Locataire - le
Tenant - the
Petit employé sans histoire, Trelkovsky décroche la location d'un petit appartement à Paris, qui aurait appartenue à une certaine Simone Schoul, venant fraîchement de se défenestrer. En lui rendant visite à l'hôpital, il rencontre Stella, l'une de ses amies, et assiste à son douloureux dernier souffle. Dans son nouvel immeuble, le jeune homme se sent très vite agressé par ses voisins, voyant son équilibre mental décliner de jour en jour.
Dès 1965, Polanski débute sa trilogie des appartements maudits avec "Répulsion" où une jeune femme laissée seule dans son appartement, s'enfonçait progressivement dans les méandres de la folie.
En 1968, dans "Rosemary's Baby", une jeune femme enceinte voit le monde s'écrouler autour d'elle en découvrant que des présences néfastes guettent son enfant.

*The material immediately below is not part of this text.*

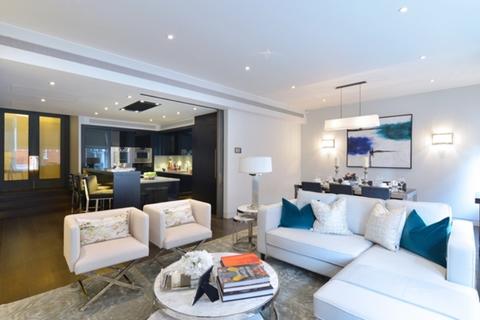 2 bedroom property to rent, Duke Street, London W1K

Avec "Le Locataire", Polanski se met lui-même en scène, avec une folie grimpante renvoyant au premier volet de cette trilogie, et une capacité prodigieuse à provoquer un grand malaise avec trois fois rien.
Devant et derrière la caméra, tout comme dans "Le bal des vampires", Roman Polanski incarne le gentil Trelkovsky, petit employé polonais timide et discret, victime d'un complot cauchemardesque se refermant petit à petit sur lui : dans un sens, "Le procés" de Kafka n'est certainement pas loin…

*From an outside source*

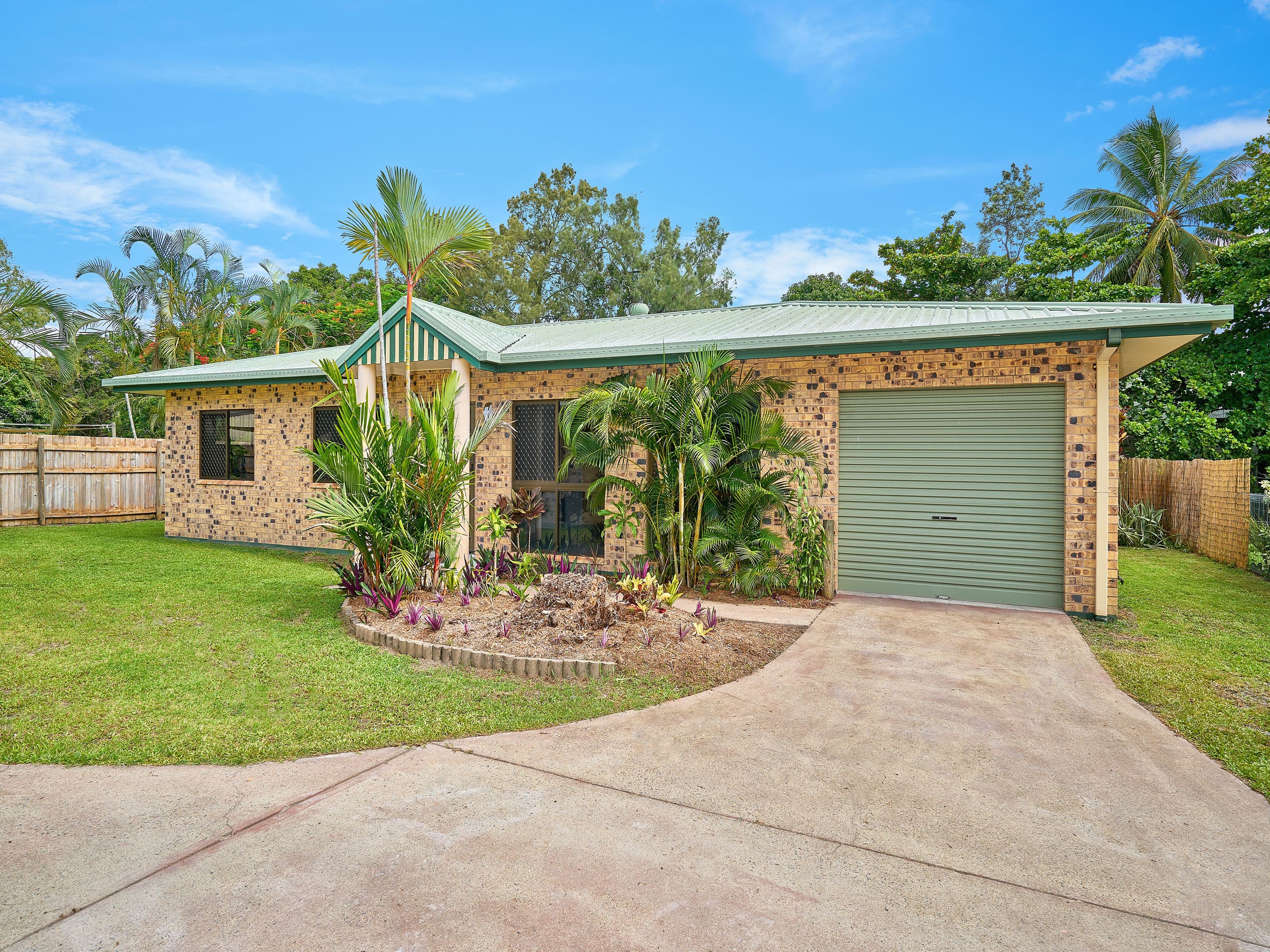 97A Jensen Street, Whitfield QLD 4870, Whitfield - Thumbnail 2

Souvent gauche, silencieux, fragile, Trelkovsky évolue dans un monde qui l'oppresse sans cesse, l'écrase, même en dehors de l'appartement : ses amis bruyants et vulgaires ne semble n'avoir guère de points communs avec lui et les rares belles femmes qu'il rencontre lui font du rentre-dedans plus que direct (sans doute une mise en abîme de Polanski lui-même, qui rappelons a fréquenté Sharon Tate et se trimballe Emmanuelle Seigneur à présent !), renvoyant la balle au bond de manière maladroite.
Et ce ne sera donc pas ce nouvel appartement qui lui apportera un quelconque réconfort : toujours dans le même ton que ceux des deux précédents films de la Trilogie, celui-ci est petit, laid, cher, décrépi et, comble de l'horreur, ne possède pas de toilettes ! Il faudra également compter sur le fait que la précédente locataire s'est jetée par la fenêtre, ce qui fait d'ailleurs encore bien rigoler la concierge du bâtiment (Shelley Winters savoureusement antipathique) !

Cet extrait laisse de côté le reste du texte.